Padma Lakshmi is opening up about wanting to be a good role model for other young women.

The Top Chef star, who also hosts the Hulu travel series Taste the Nation, spoke to Charlamagne Tha God for The Hollywood Reporter series Emerging Hollywood, in which she discussed the challenges of growing up as an Indian-American from an immigrant family. While she lauded the better representation in TV and film today, citing performers like Kal Penn, Mindy Kaling and Hasan Minhaj, Lakshmi admitted that certain portrayals of Indian characters hurt her while growing up. Indiana Jones was one such negative example.

“That movie broke my heart because I love Steven Spielberg,” she explained. “I love E.T., I love The Color of Purple, I love him as a filmmaker, but that movie, if you talk to any Indian kid who grew up in America, they will tell you that it was really hard. They’re eating monkey brains and snakes, and fine if people want to do that, but that’s so antithetical to most of Indian culture.

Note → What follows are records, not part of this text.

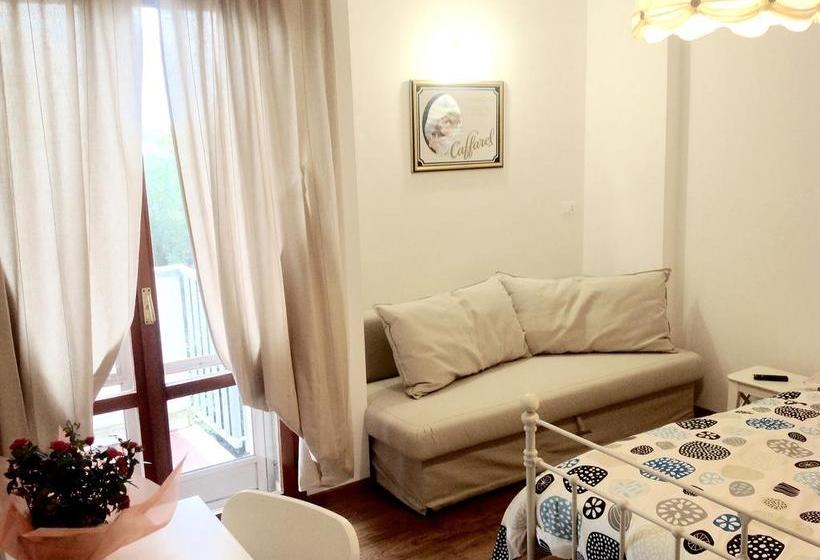 Bed and Breakfast Bb Stefy  | Pisa | Pisa | Italia 14
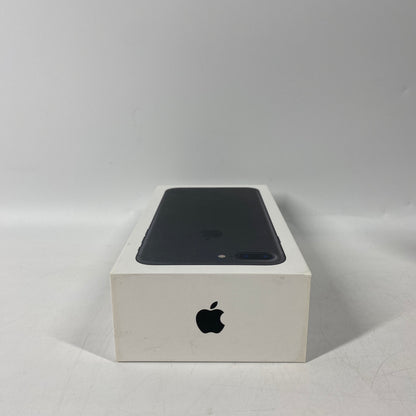 Unlocked Apple iPhone 7 Plus 32GB 14.2 Black MNR12LL/A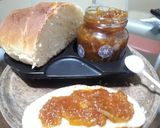 Foto del paso 3 de la receta: 🍊Mermelada de naranja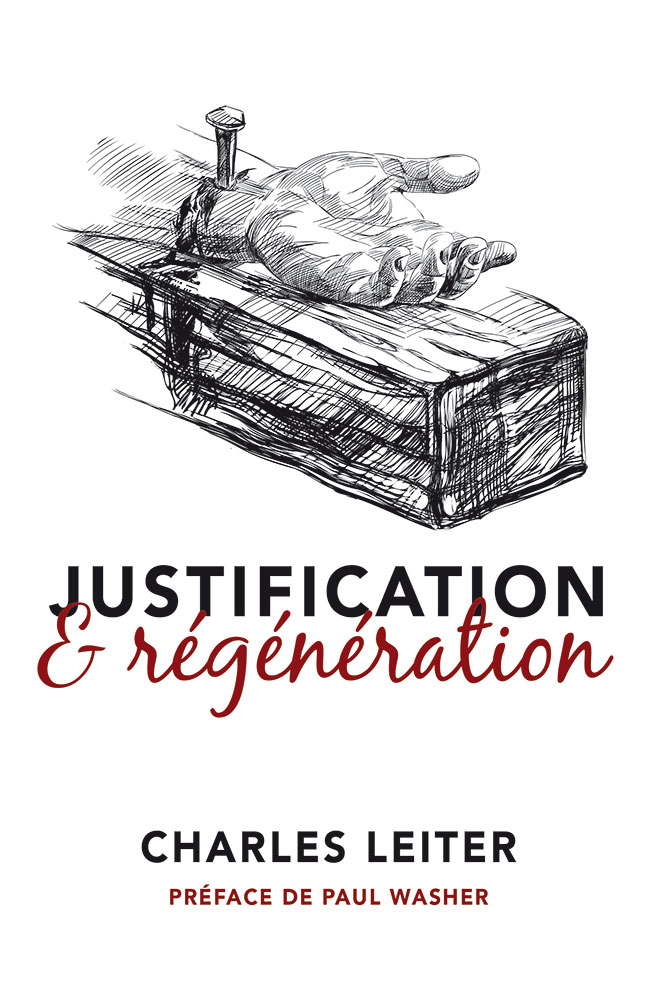 Justification & régénération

You get teased for that stuff, and so I did get bullied.”

Lakshmi said things are “a lot better in Hollywood now than it was 20 years ago.”

“It was hard,” she admitted of her early auditions. “They would say, ‘Oh we really liked her but we’re not going ethnic with this role.’”

She said that not only was she the only Indian person in the room, but she was also often “the darkest person there.”

“There were never more than one or two of us,” the Love, Loss, and What We Ate author explained. “It’s always there in the background, and you just have to ignore it because you have to hope there will be other things about you that will compensate.”

Lakshmi shared that her early struggles gave way to “impostor syndrome,” which she still has today.

“I have to be honest, I have opportunities coming to me now that I would have killed for 10 years ago,” she explained. “It’s so late coming that I don’t even believe I should have it sometimes. In my head, I’m like, ‘Where were you 10 years ago, because I was the same person, I was certainly the same talent.’ Everything just takes longer.”

“I sometimes walk around my house and think, ‘Who the f*** lives here?’” she admitted. “In my head, I’m still that young woman who is driving, who wants to make sure she’s financially independent, and take care of her folks, and just make her way in the world.”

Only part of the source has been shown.